→ **ENTRIES PROVIDED**:
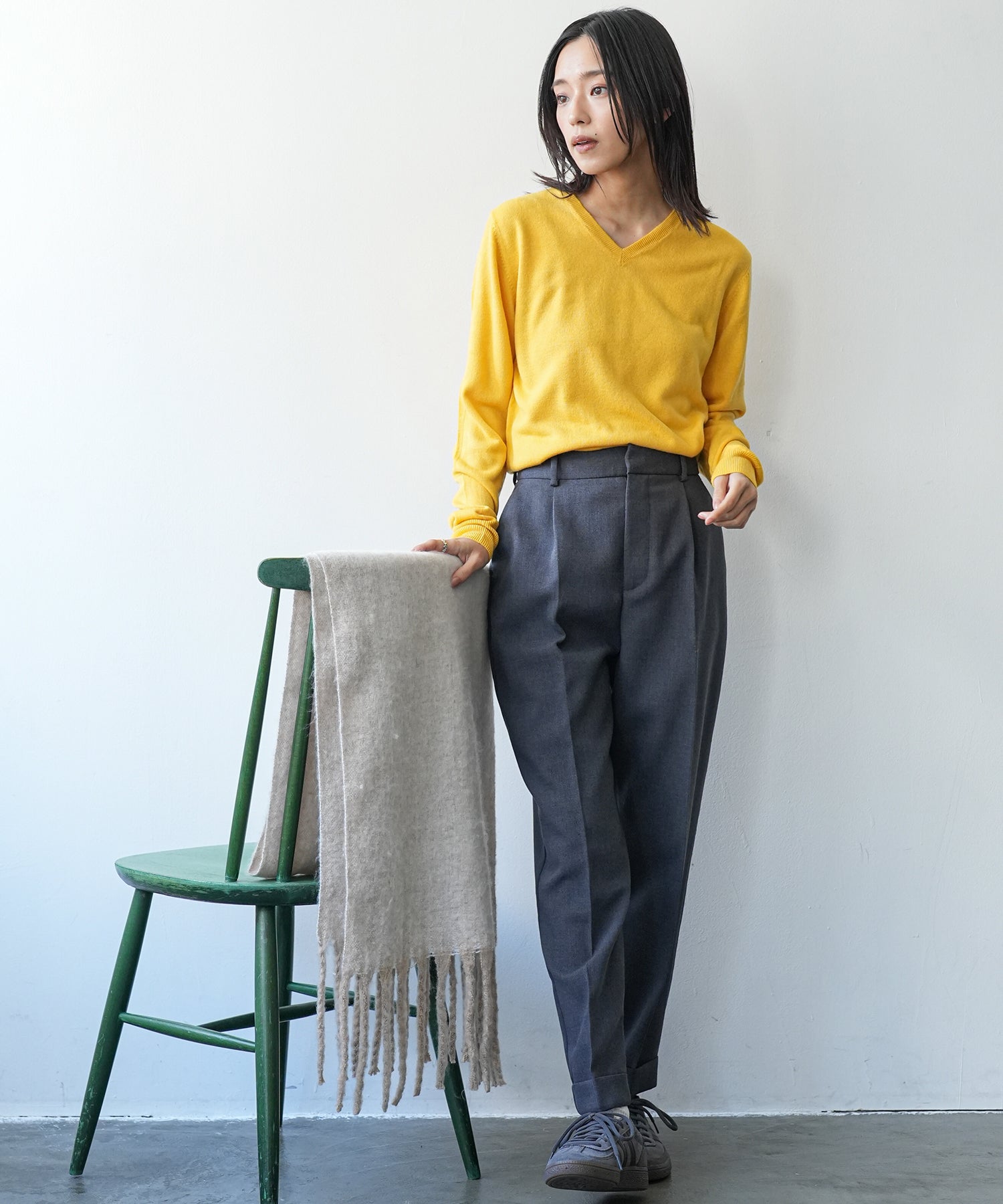 ミリアンデニ mili an deni カシミアタッチVネックニットセーター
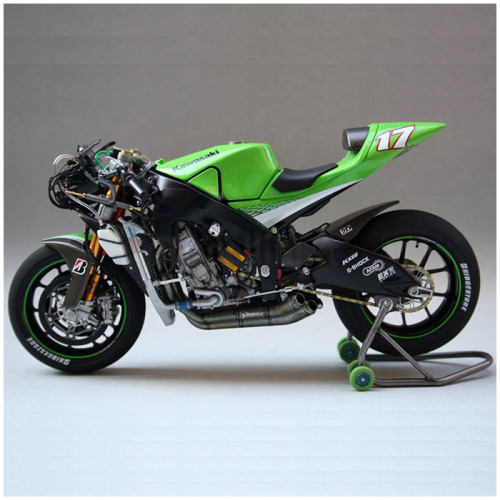 Kawasaki Ninja ZX-RR Moto GP 2006 1:12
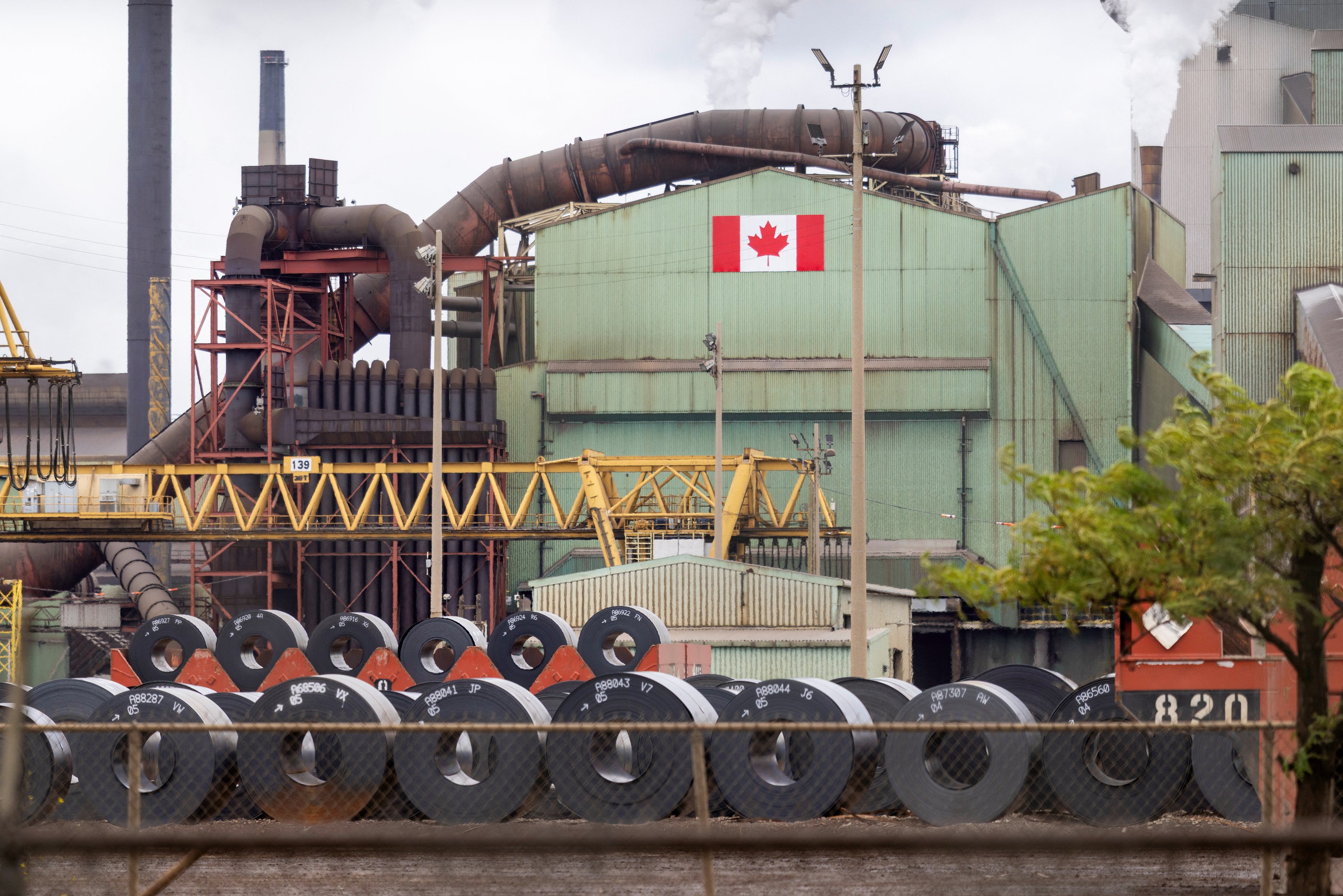 Canada áp thuế đối kháng 20 tỉ USD lên hàng Mỹ - Ảnh 1.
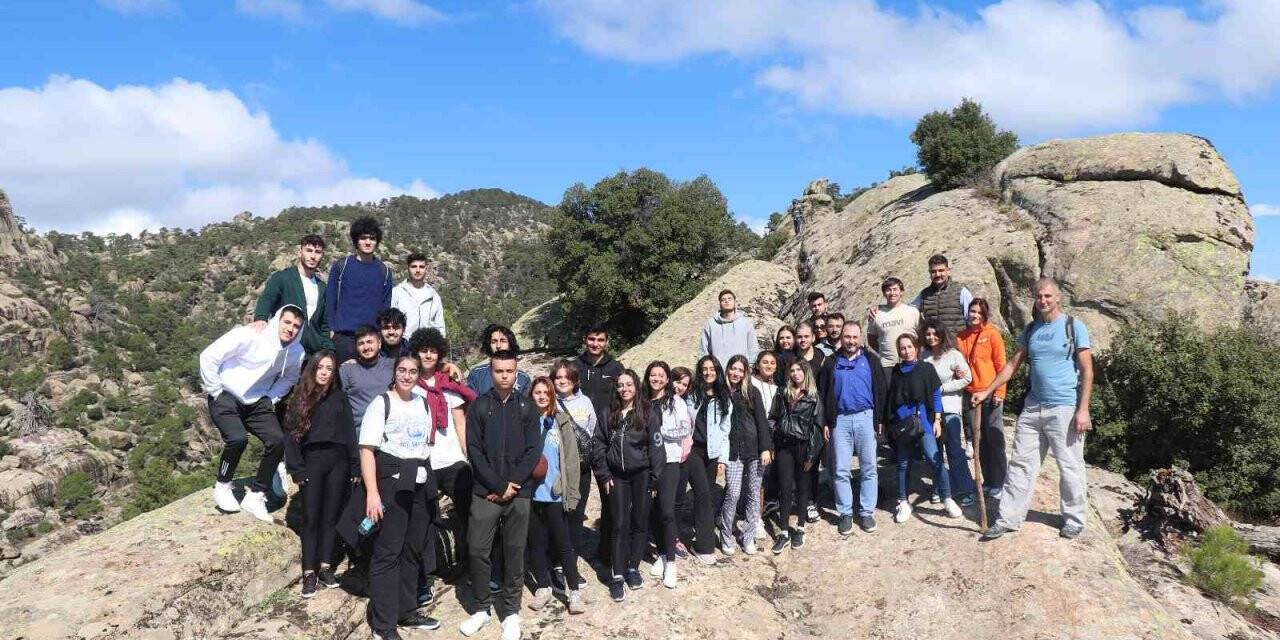 Öğrencilerden Tarihi Kırk Merdiven yürüyüşü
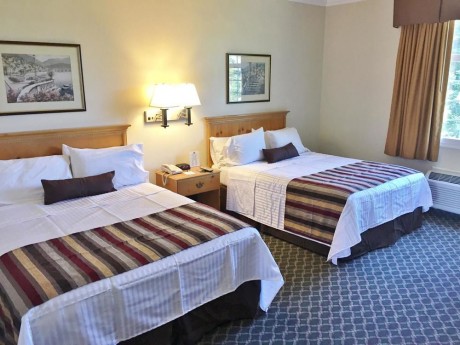Welcome To The Miramar Inn - 2 Queen Beds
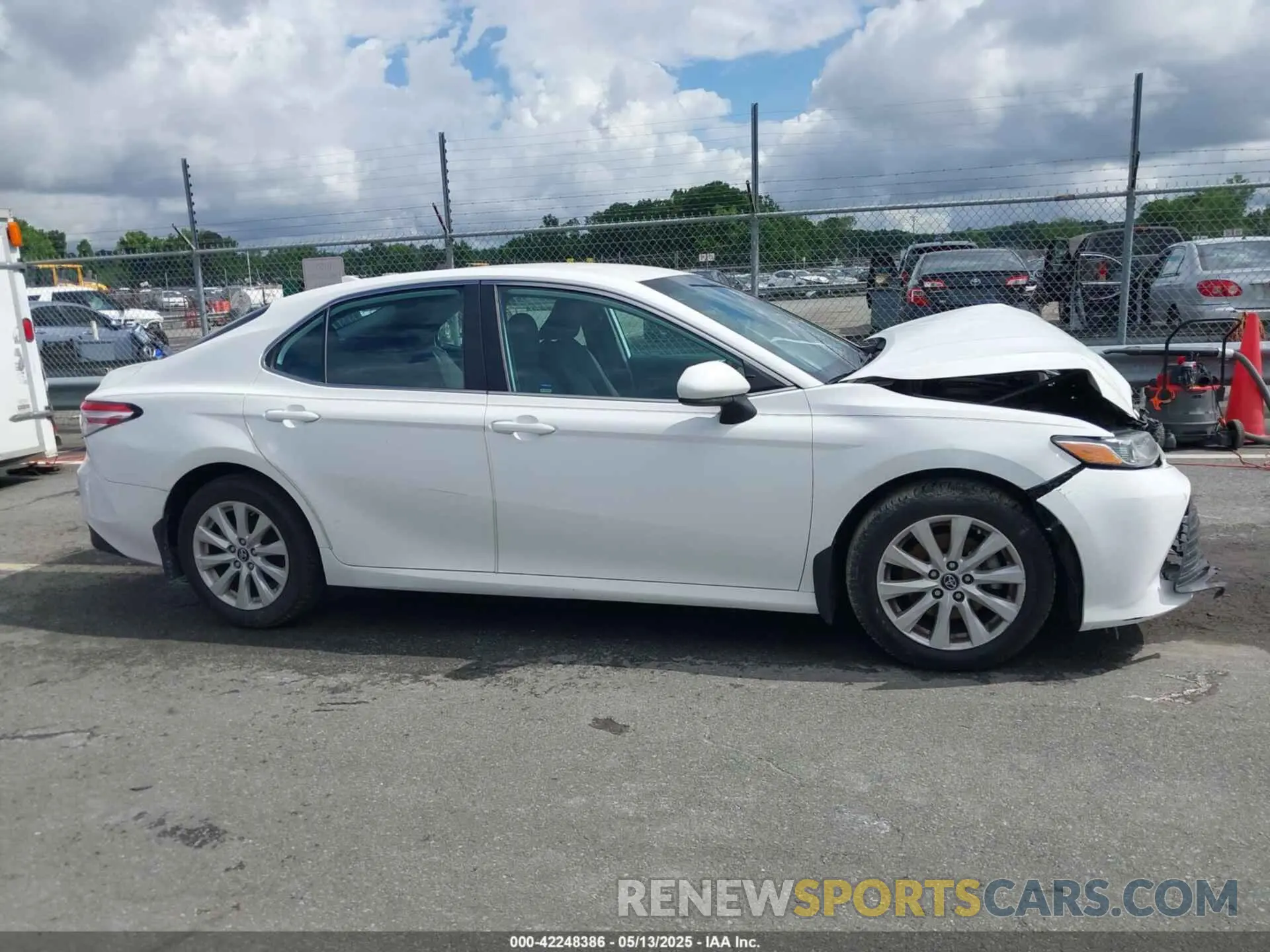 13 fotografías del automóvil dañado 4T1B11HKXKU237605 TOYOTA CAMRY 2019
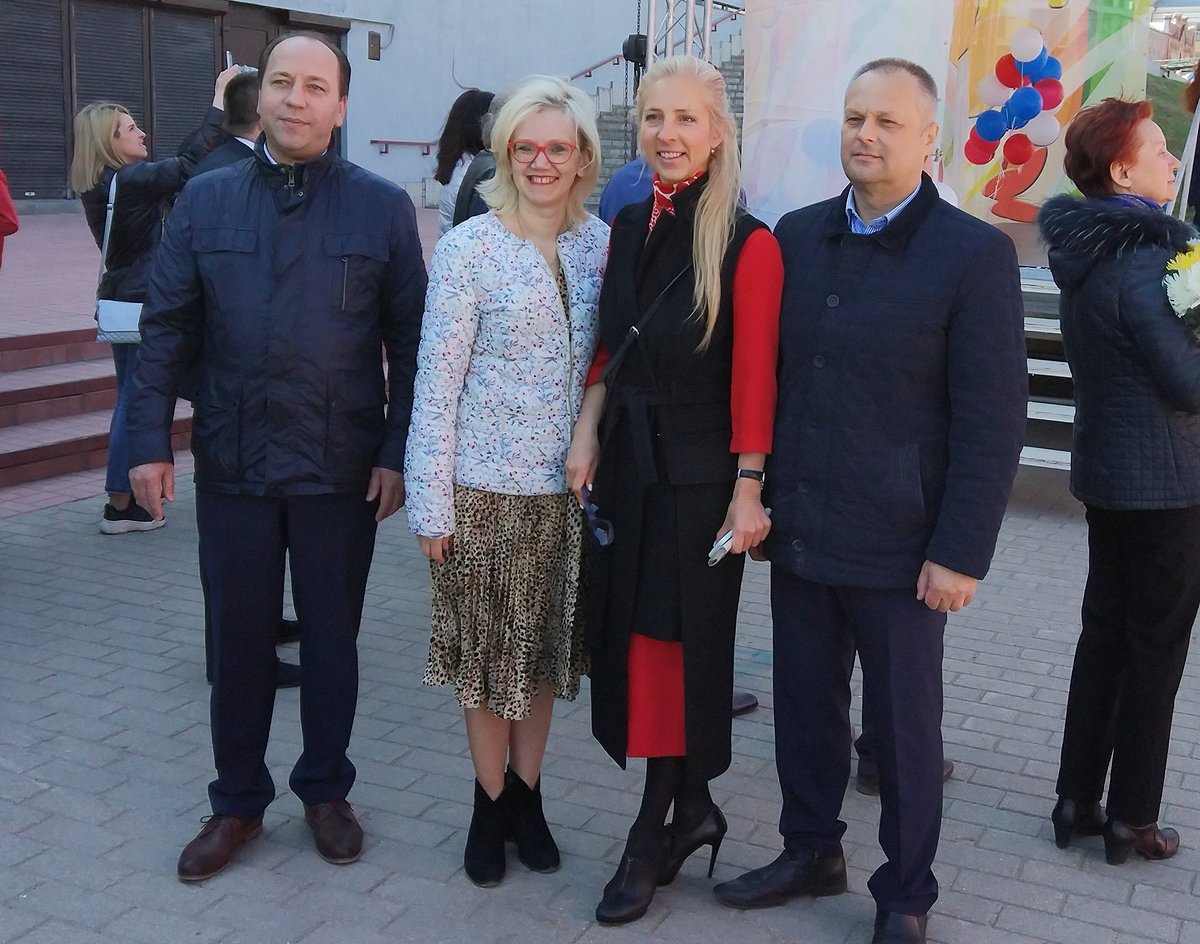 Праздничный митинг-концерт, посвященный Дню Весны и труда проходит на площади Пушкина #Иваново 

Депутаты члены фракции #ЕдинаяРоссия в <a href="/ivgorduma/">Ивгордума</a> принимают участие в торжественном мероприятии

#1мая
#ДеньВесныиТруда
#ЕР37
#Иваново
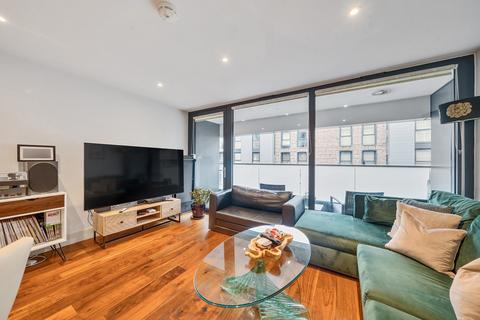 1 bedroom apartment for sale, Lambarde Square, Greenwich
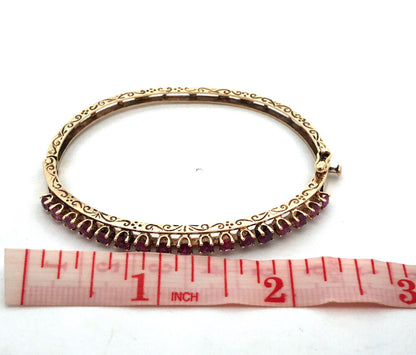 Vintage 14K Yellow Gold Round Ruby Open Scroll Hinged Cuff Bangle Bracelet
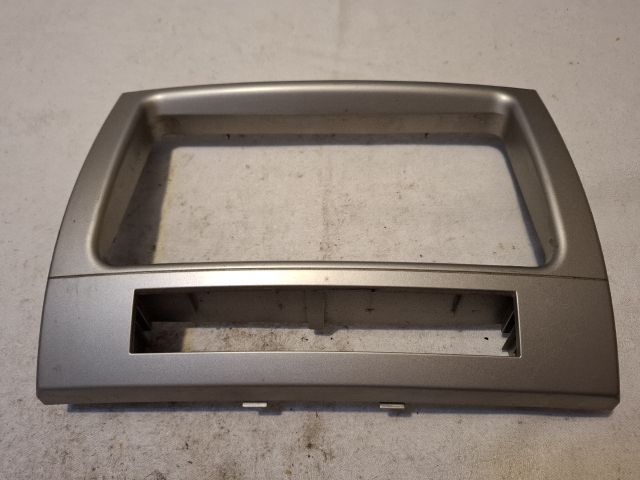 bontott TOYOTA COROLLA VERSO Rádió / CD Keret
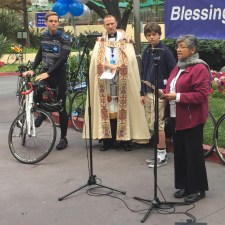 Sister Yolanda Vega praying for safe bicycling at this morning's Blessing of the Bicycles event. All photos by Joe Linton/Streetsblog L.A.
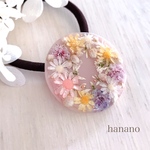 花のlease pink and yellow 花のヘアゴム　 ブルー　ポニーフック　ヘアゴム　ブローチ　　ギフト　誕生日プレゼント　バースデープレゼント　花　レジン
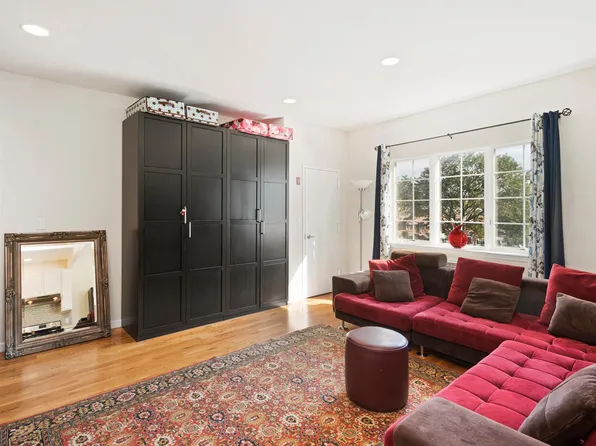 2695 Shell Rd APT 3B, Brooklyn, NY 11223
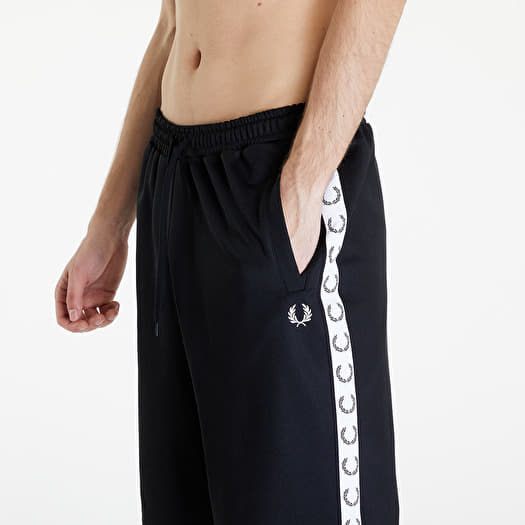 Fred perry shorts clearance
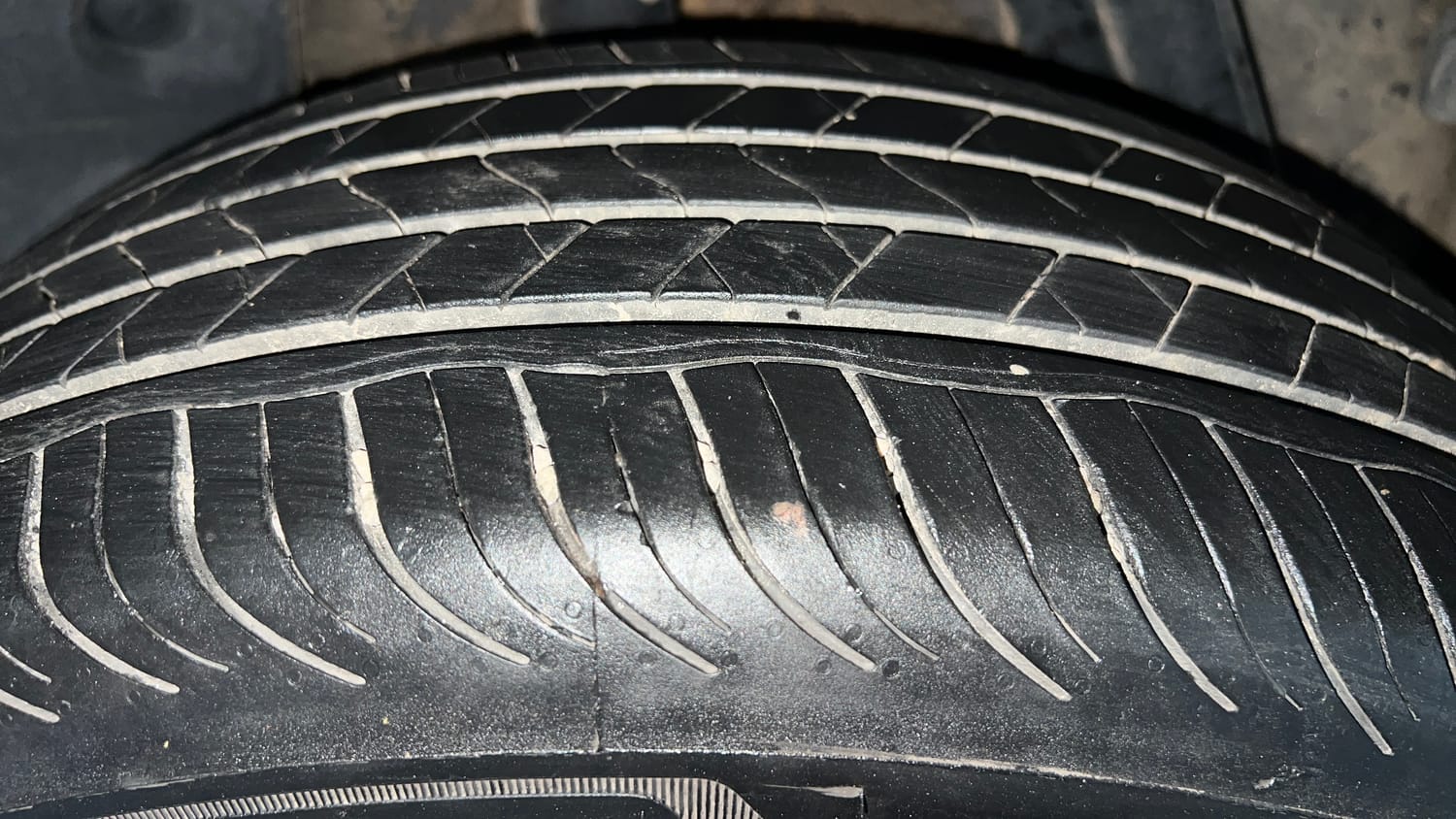 Used 2021 Renault Duster RXZ 1.3 Turbo Petrol CVT Petrol Automatic tyres RIGHT REAR TYRE TREAD VIEW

→ **WHAT YOU ARE ASKED TO DO**:
The lines above starting at the one that holds "Öğrencilerden Tarihi Kırk Merdiven yürüyüşü" and ending at the one that holds "bontott TOYOTA COROLLA" are to be written out exactly, ends included, and no pictures are to be copied.

→ **RESPONSE**:
 Öğrencilerden Tarihi Kırk Merdiven yürüyüşü
Welcome To The Miramar Inn - 2 Queen Beds
 13 fotografías del automóvil dañado 4T1B11HKXKU237605 TOYOTA CAMRY 2019
 Праздничный митинг-концерт, посвященный Дню Весны и труда проходит на площади Пушкина #Иваново 

Депутаты члены фракции #ЕдинаяРоссия в <a href="/ivgorduma/">Ивгордума</a> принимают участие в торжественном мероприятии

#1мая
#ДеньВесныиТруда
#ЕР37
#Иваново
 1 bedroom apartment for sale, Lambarde Square, Greenwich
 Vintage 14K Yellow Gold Round Ruby Open Scroll Hinged Cuff Bangle Bracelet
 bontott TOYOTA COROLLA VERSO Rádió / CD Keret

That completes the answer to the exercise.